Anche l’icona in questione era giunta da Costantinopoli con delle autentiche firmate dall’Imperatore Roberto e dal Patriarca ma che purtroppo erano andate perdute già dopo l’arrivo a Venezia.
La nobildonna convinta del potere salvifico di tali oggetti, pregò e ottenne dal Vescovo di Castello il documento che serviva per autenticare l’icona. Probabilmente nel convincere il patriarca veneziano a concedere l’approvazione alla venerazione per tali oggetti, era stato fondamentale il fatto che, altri prima di lui, avevano avuto l’onore di vedere e riconoscere le lettere autografe costantinopolitane: Guglielmo priore di S. Salvatore di Venezia, Manfredo canonico e sacerdote della stessa chiesa, fra Manfredo sacerdote dell’ordine dei Frati Minori, Marco Falliero, Giovanni Baroccio e Tommasino Morosini.162
Nella lettera del Vescovo di Castello, si attesta quindi la presenza della reliquia della Croce e di due Spine contenute all’interno dello stesso recipiente, una porzione di Spugna imbevuta di aceto e fiele e alcune parti della veste di Cristo.

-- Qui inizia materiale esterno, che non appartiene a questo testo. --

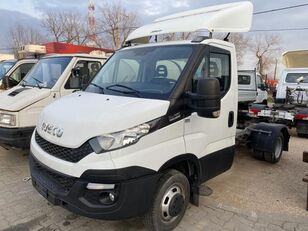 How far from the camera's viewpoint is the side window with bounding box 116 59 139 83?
4078 millimetres

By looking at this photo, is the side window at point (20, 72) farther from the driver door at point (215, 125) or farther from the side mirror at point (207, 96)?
the side mirror at point (207, 96)

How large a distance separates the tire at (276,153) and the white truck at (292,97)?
207cm

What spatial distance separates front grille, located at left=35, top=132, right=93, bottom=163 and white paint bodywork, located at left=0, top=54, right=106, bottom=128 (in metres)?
2.42

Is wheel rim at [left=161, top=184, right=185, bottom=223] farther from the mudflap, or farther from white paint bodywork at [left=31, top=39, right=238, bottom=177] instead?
the mudflap

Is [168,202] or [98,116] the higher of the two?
[98,116]

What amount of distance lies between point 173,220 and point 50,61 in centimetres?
494

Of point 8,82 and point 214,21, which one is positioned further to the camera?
point 8,82

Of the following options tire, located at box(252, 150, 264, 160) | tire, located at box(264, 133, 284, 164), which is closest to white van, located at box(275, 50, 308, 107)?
tire, located at box(264, 133, 284, 164)

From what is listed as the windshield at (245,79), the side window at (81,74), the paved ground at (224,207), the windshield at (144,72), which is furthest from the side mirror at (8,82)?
the windshield at (245,79)

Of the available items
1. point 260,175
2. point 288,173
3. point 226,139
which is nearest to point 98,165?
point 226,139

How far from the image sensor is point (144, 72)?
4.01 m

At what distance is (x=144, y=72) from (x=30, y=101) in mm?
2910

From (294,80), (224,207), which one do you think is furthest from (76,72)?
(294,80)

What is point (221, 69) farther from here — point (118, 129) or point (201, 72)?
point (118, 129)
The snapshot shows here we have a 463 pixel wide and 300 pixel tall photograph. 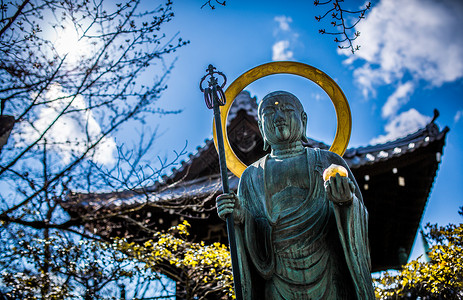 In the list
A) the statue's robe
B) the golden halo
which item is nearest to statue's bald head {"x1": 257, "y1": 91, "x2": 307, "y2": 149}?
the statue's robe

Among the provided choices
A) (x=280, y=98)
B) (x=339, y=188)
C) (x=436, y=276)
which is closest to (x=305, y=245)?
(x=339, y=188)

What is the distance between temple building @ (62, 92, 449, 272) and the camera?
8.37 metres

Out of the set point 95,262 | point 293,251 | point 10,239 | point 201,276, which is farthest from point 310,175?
point 10,239

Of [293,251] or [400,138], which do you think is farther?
[400,138]

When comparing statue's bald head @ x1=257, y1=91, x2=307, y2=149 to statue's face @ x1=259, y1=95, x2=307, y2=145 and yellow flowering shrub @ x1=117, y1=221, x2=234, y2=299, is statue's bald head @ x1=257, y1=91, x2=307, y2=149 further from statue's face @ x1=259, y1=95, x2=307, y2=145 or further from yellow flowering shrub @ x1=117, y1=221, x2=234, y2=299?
yellow flowering shrub @ x1=117, y1=221, x2=234, y2=299

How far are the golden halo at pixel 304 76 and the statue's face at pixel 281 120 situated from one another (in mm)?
460

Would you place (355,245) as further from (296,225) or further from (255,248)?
(255,248)

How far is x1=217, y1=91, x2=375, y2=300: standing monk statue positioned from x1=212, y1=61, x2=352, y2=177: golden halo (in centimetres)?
44

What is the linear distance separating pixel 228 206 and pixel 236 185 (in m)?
5.94

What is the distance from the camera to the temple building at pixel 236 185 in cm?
837

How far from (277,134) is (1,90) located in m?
4.31

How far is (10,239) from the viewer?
285 inches

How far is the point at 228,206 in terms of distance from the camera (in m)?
3.17

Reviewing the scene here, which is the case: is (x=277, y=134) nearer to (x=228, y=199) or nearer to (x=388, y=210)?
(x=228, y=199) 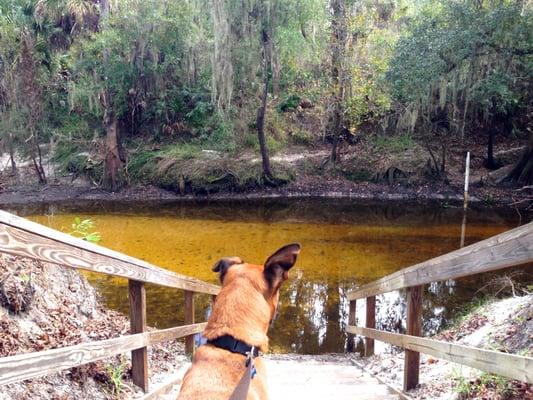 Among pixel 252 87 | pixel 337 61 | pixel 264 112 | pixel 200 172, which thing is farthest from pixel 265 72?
pixel 200 172

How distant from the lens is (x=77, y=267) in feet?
7.33

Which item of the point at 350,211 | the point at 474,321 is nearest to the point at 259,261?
the point at 474,321

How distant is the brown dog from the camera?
192cm

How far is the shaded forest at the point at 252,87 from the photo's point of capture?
55.4ft

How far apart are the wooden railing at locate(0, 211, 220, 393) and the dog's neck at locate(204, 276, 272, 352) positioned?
0.66m

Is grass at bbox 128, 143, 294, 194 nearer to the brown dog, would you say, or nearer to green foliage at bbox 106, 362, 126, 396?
green foliage at bbox 106, 362, 126, 396

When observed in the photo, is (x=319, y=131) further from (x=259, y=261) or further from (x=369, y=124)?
(x=259, y=261)

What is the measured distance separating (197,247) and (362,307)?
5.26 m

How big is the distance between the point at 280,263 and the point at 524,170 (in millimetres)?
18926

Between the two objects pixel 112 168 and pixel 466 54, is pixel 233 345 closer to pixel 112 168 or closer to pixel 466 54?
pixel 466 54

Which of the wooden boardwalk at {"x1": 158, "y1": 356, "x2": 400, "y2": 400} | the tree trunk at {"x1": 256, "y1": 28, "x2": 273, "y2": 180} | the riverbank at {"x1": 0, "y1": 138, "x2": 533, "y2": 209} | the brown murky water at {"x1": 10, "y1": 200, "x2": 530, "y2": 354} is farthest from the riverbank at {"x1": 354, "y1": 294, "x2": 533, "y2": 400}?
Result: the riverbank at {"x1": 0, "y1": 138, "x2": 533, "y2": 209}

I dieci ripostigli situati attorno a tali reliquie della Passione, identificano con lettere greche sopra incise, porzioni di resti sacri di apostoli e martiri negli stessi contenute. In un’ampolla, invece, si trova il dito del Santo eremita Antonio di Vienna.
161 Francesca Lomastro Tognato (a cura di), I “Monumenta Reliquiarum” ... op. cit. , pp. 38-
39.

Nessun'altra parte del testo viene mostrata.